The article concludes with advice for the establishment of an Australian Voice, urging the government to allow First Nations people to design the body. Members of the Sámi people note that the design of the Norwegian Voice would be suitable to use.
‘A Voice for the Arctic
Norway’s Sámi Parliament has 39 members who are elected by Sámi voters every four years. They meet four times a year and advise the Norwegian government on policies and matters that affect the Sámi. “We have our disagreements but when a decision is made in this hall, the Sámi people has stated their opinion”, says Ms Muotka …
… Scandinavia’s Sámi Parliaments have no legislative power, but Norway’s Sámi Parliament still has some legal teeth. The year after Norway established its Sámi Parliament, it became the first nation to ratify an international convention known as ILO 169, which requires governments who sign up to consult Indigenous people on matters that concern them, with the goal of achieving consent …
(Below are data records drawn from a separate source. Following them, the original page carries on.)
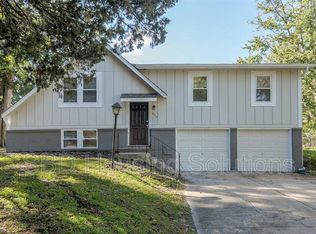 400 NE Castle Dr, Lees Summit, MO 64086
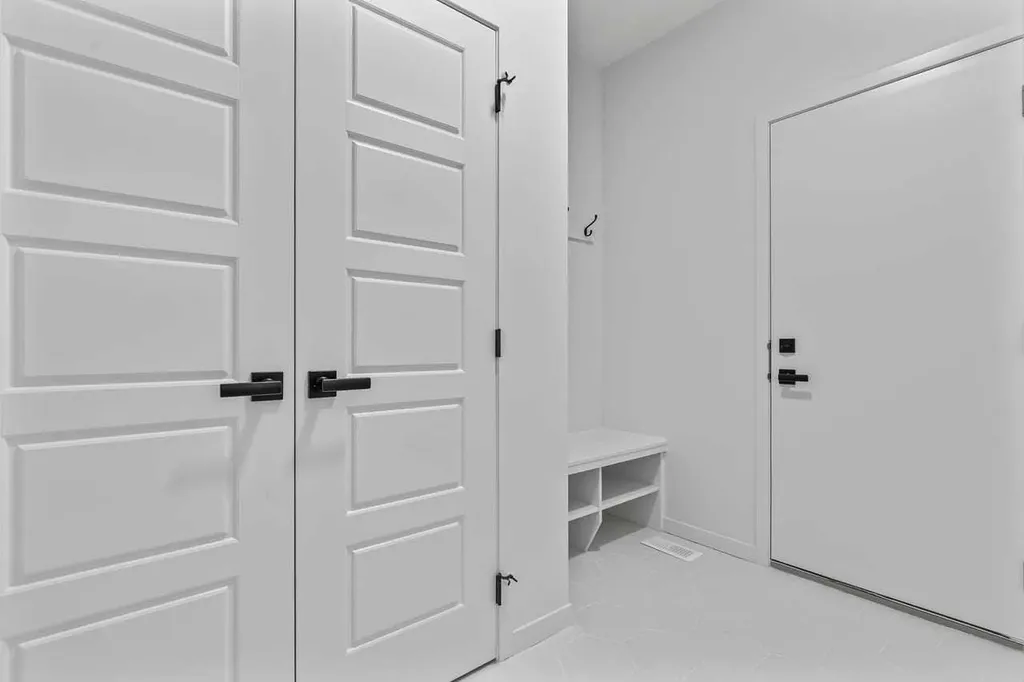 131 Corner Glen Grove NE Calgary AB T3N 2S3
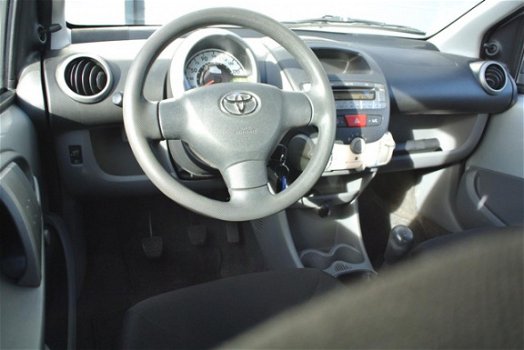 Toyota Aygo - 1.0 12V VVT-I 5-DRS AIRCO - 1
… Across the border, the Sámi Parliament in Norway has inspired a similar model in Sweden, but one with fewer powers due to its very design. Unlike its Nordic neighbour, Sweden’s Sámi Parliament is not truly independent of the state. While it’s a voice for the Sámi people, it’s also a government agency.
“It was not established by the Sámi people”, says Stefan Mikaelsson, a member and former president of Sweden’s Sámi Parliament. “It was established by the members of the Swedish parliament”.
The Swedish Sámi Parliament has around half the budget of its Norwegian counterpart. Until recently, the Swedish government has also had no obligation to consult the Sámi Parliament, although that’s set to change with a new law.’